Bookless Library In Texas Aims To 'Break Down The Barriers To Reading'
SCOTT SIMON, HOST:
This is WEEKEND EDITION from NPR News. I'm Scott Simon. San Antonio's newest library doesn't look very bookish. It's got neon orange walls, a play area for children that has glowing screens, and it abounds with desktop computers, iPads, eBooks and laptops. They call it BiblioTech because it's completely digital. There is no paper in this library.
Judge Nelson Wolff of Bexar County spearheaded the initiative. He's also the former mayor of San Antonio. He joins us from the studios of KSTX, our member station there. Thanks so much for being with us, your Honor.
JUDGE NELSON WOLFF BEXAR COUNTY, TEXAS: Good to be here.
SIMON: So what's the idea?
TEXAS: Well, a couple of things gave rise to this. One was trying to bring library services to the citizen at a competitive price. Second idea was to break down the barriers to reading, with the eBooks that we have and without having to physically come to the library. And then it was to bring technology to a area of the city that is economic disadvantaged, highly minority, and do not have access to the Internet and the various modes that we have to access it. So we provide eBook readers that they can check out.

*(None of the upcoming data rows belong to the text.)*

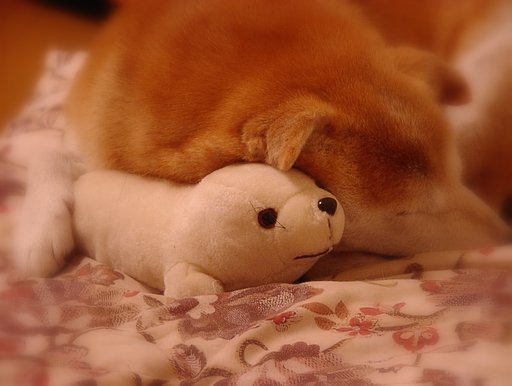 【2008】抱っこ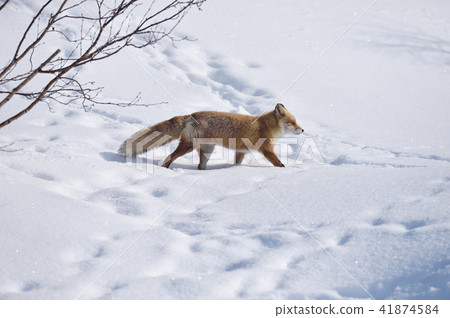 Snow and Kita fox (Hokkaido) 41874584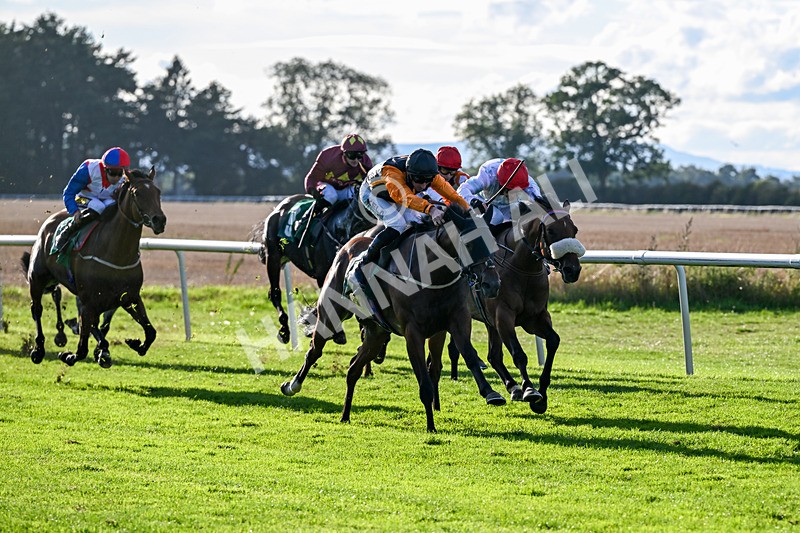 140926-Race 7-Forest Caper-7937 - Race 7 5.21pm Bowel Cancer Screening Programme Saves Lives Handicap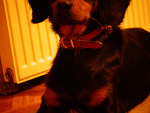 Fotoblog kaczka098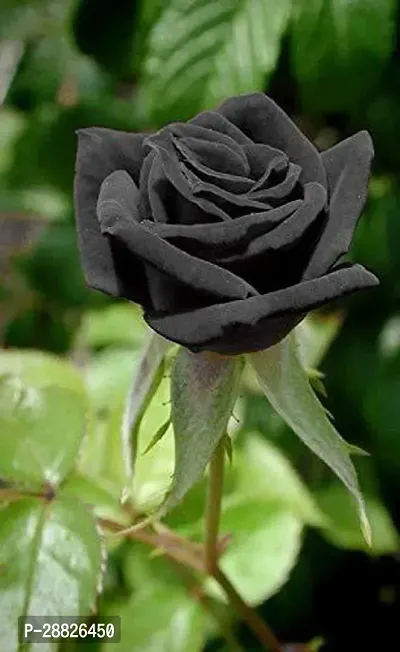 Baishnab  Unique Black Rose Plant CF8003911 Rose-thumb0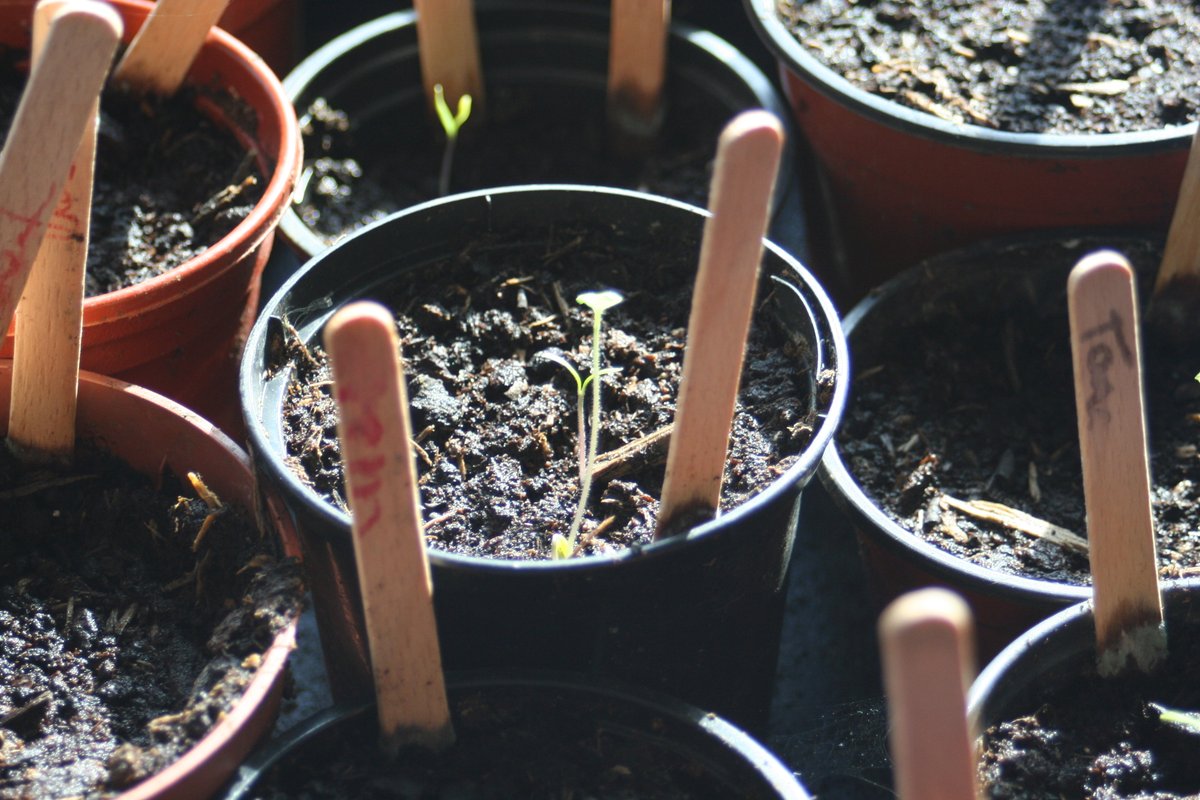 Tomatoes are finally coming! <a href="/knoxacademy/">Knox Academy</a> <a href="/KnoxSupport/">Knox Academy Pupil Support</a>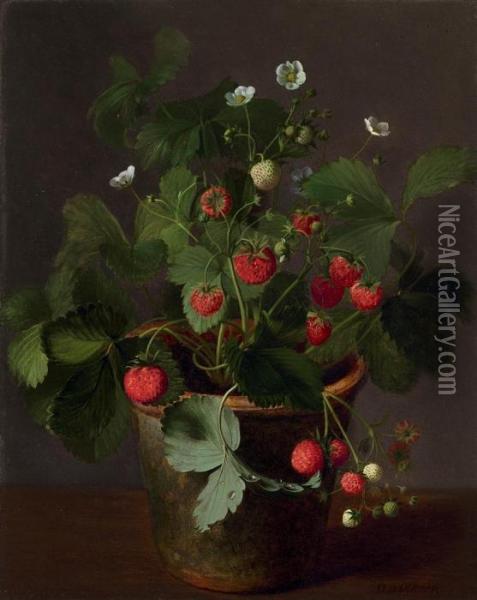 A Strawberry Plant In Bloom Oil Painting - Otto Didrik Ottesen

And we also provide iPads and laptops that they can use within the facility.
SIMON: What are your hopes?
TEXAS: Well, what I hope will happen, and I think we're already beginning to see it here, the San Antonio Public Library is a great library system. In fact, when I was mayor of the city, I built the 250,000 square foot central library that they have today, but it's a very expensive proposition. I think public libraries all across the nation are finding a very difficult time as more and more people turn to eBooks.
Some public libraries have made steps and have increased their technology, but they only spend about 5 percent of their annual budgets on technology, far below what they need to be doing. And although I was one that resisted reading eBooks because I'm a collector of modern first editions - I probably have about 1,500 in my home, so I resisted it for a long time, but the world's changed.
We chose this format. It's not necessarily the right format for everybody, but it's one that will reach and satisfy the vast majority of people. Not all of them, because we don't have the physical book.
SIMON: You allowed that you are a book collector, right?
SIMON: So, as I don't have to tell you, your Honor, there's got to be room for this technology, but as I don't have to tell you, there are a lot of books that are just not available as eBooks and they are certainly still worth reading.
TEXAS: You're exactly right. And we're not fulfilling that role. We know we're not. So, yes, libraries ought to be able to have the ability to stock the hard copy book when they don't have the eBook, but I would think, as a general rule, that what public libraries are going to have to look at, if they've got the eBook, they don't need the hard copy book.
For instance, one of the, I think Dan Brown's latest book, I believe our library system has 140 copies of it distributed to 26 different sites. If you got the eBook, you don't need to distribute it, you don't need to stock them, I don't have to have all the room for it, I don't have to have a three-times the size building that I have, and I'm not going to lose it and it's not going to wear out.
So there are trade-offs.
SIMON: Judge Nelson Wolff of Bexar County in San Antonio, Texas at our station there, KSTX. Thanks very much for being with us, your Honor.